═════ Stored data ═════
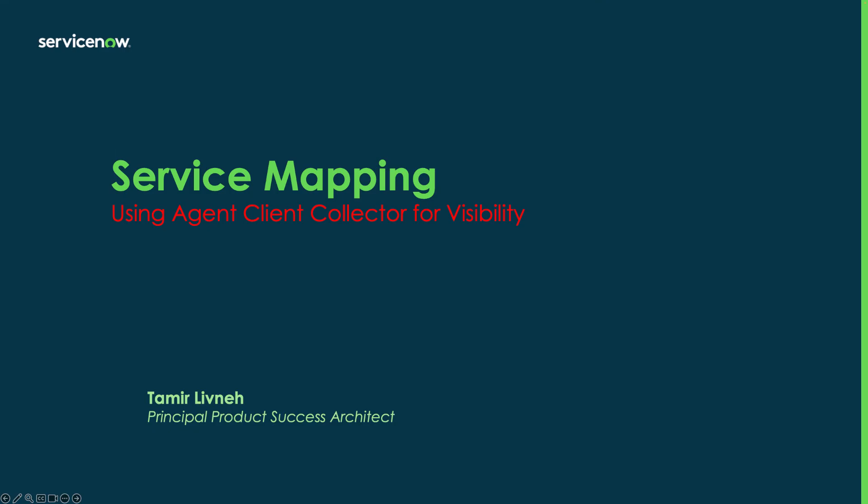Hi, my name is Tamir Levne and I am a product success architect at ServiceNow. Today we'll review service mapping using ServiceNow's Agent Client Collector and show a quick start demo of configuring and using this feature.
═════
═════ Stored data ═════
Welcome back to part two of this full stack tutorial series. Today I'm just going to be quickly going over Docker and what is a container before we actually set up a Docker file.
═════
═════ Stored data ═════
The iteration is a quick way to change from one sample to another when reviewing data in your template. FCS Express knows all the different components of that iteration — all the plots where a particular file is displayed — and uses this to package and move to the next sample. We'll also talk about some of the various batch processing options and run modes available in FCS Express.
═════
Within the listing above, copy each line that has the string "file".

__Written reply__:
Welcome back to part two of this full stack tutorial series. Today I'm just going to be quickly going over Docker and what is a container before we actually set up a Docker file.
The iteration is a quick way to change from one sample to another when reviewing data in your template. FCS Express knows all the different components of that iteration — all the plots where a particular file is displayed — and uses this to package and move to the next sample. We'll also talk about some of the various batch processing options and run modes available in FCS Express.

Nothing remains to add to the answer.